Shares for BioCryst Pharmaceuticals, the Birmingham, Ala.-based biotech that develops the anti-viral peramivir, jumped 17 percent Thursday morning, after the FDA gave its approval for human testing.
"BioCryst will see long-term benefit from uncertainty over Tamiflu," said Vinny Jindal, analyst for Webbush Morgan Securities, who increased his 12-month BioCryst (Research) price target to $24 a share from $17. Jindal projection also reflected the 2.2 million share investment from venture capital group Kleiner, Perkins, Caufield and Byers.
Meanwhile, Roche, a Swiss drug giant, saw its shares trade mildly down in Europe. It has been marketing Tamiflu in the U.S. since its FDA approval in 1999. Tamiflu, also known as oseltamivir, was developed by Gilead Sciences (up $0.80 to $54.87, Research), a biotech based in Foster City, Calif.
The New England Journal of Medicine reported that the recent deaths of two Tamiflu-treated patients demonstrate "that resistance can emerge during the currently recommended regimen of oseltamivir therapy" and that "virus infection should include additional antiviral agents."
Roche acknowledged, in a Thursday press release, that "further evaluation [is] needed on higher dosage, longer treatment and combination therapies."
But Roche is not really threatened by the news regarding Tamiflu, says Jindal, the Webbush Morgan analyst.
"The global demand for Tamiflu is far outpacing supply, so the emergence of Tamiflu resistance doesn't mean that Tamiflu will be used any less or that Roche won't be able to sell all they can make," said Jindal.
Jindal said that investors who dumped Roche stock on Tamiflu-related headlines were "trading erratically."
Roche has taken orders for Tamiflu stockpiles from scores of national leaders.
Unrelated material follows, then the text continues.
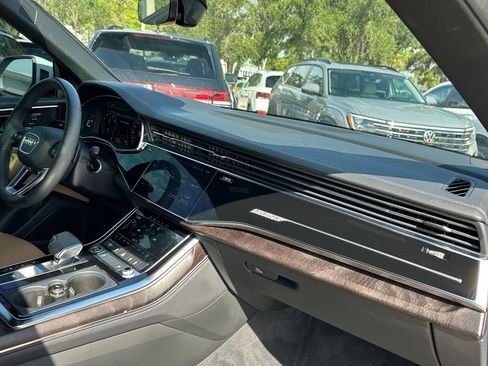 Used 2023 Audi Q8 Premium Plus w/ Premium Plus Package AWD/4WD image 38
But the manufacturing process for Tamiflu is time-consuming and, bending to public pressure, Roche said it would outsource production to other drug makers.
GlaxoSmithKline (down $0.10 to $51.09, Research), the British drug giant, also produces an anti-viral for H5N1, an inhalable pharmaceutical known as Relenza, or zanamivir. The company's stock price declined slightly on Thursday.